The Honduran Meltdown: Made in USA
In May 2005, US Deputy Secretary of State Robert Zoellick appeared at the conservative Heritage Foundation in Washington to rally support for CAFTA, a free trade agreement between the US, the Central American countries, and the Dominican Republic.
In his remarks, Zoellick played up the notion that, for Central America and the DR, the agreement would “strengthen democracy through economic growth and open societies based on the rule of law”, while also entailing various perks for the gringos; a T-shirt reading “Made in Honduras”, he enthused, would likely contain over 60 percent US content.
Never mind that, 20-some years ago, the United States was nurturing things like Battalion 3-16, described by the Baltimore Sun as a “CIA-trained military unit that terrorized Honduras for much of the 1980s”.
Aside from the Honduran army and similarly reactionary forces, other Hondurans benefited from the arrangement, as well.

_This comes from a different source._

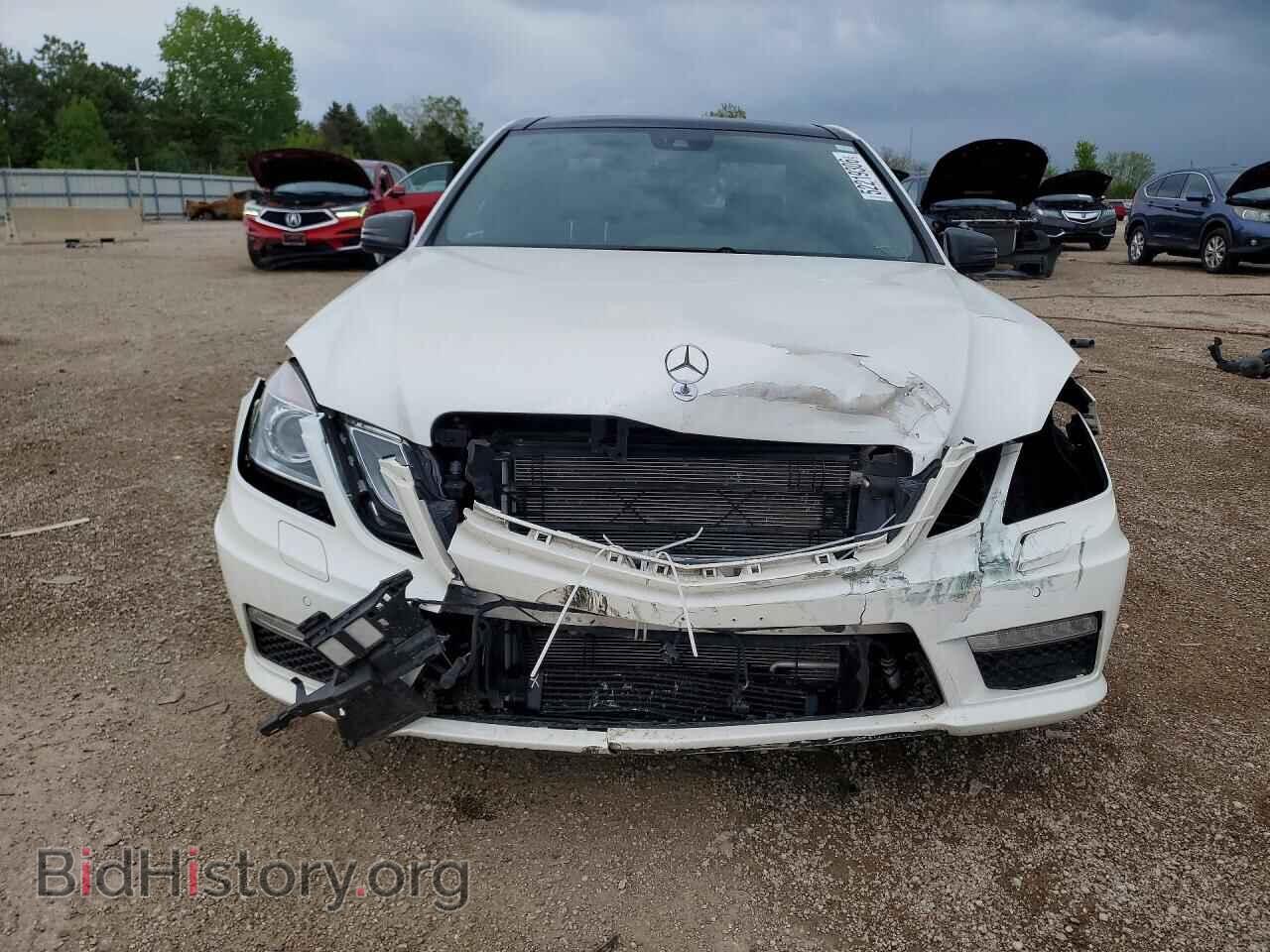 2012 MERCEDES-BENZ E-CLASS - VIN: WDDHF7EB9CA562987 - Фото 5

Among them was Juan Ramon Matta Ballesteros, the country’s most famed drug lord and owner of the contra supply airline SETCO, dubbed the “CIA airline”.
In his multitasking heyday, Matta not only assisted in supplying the contras with their logistical needs, but also contributed to the flow of narcotics to the US.
American University anthropologist Adrienne Pine has referred to the period as one of “invisible genocide”, primarily against “unemployed young men who were marked as criminals by a society that had no room for them”.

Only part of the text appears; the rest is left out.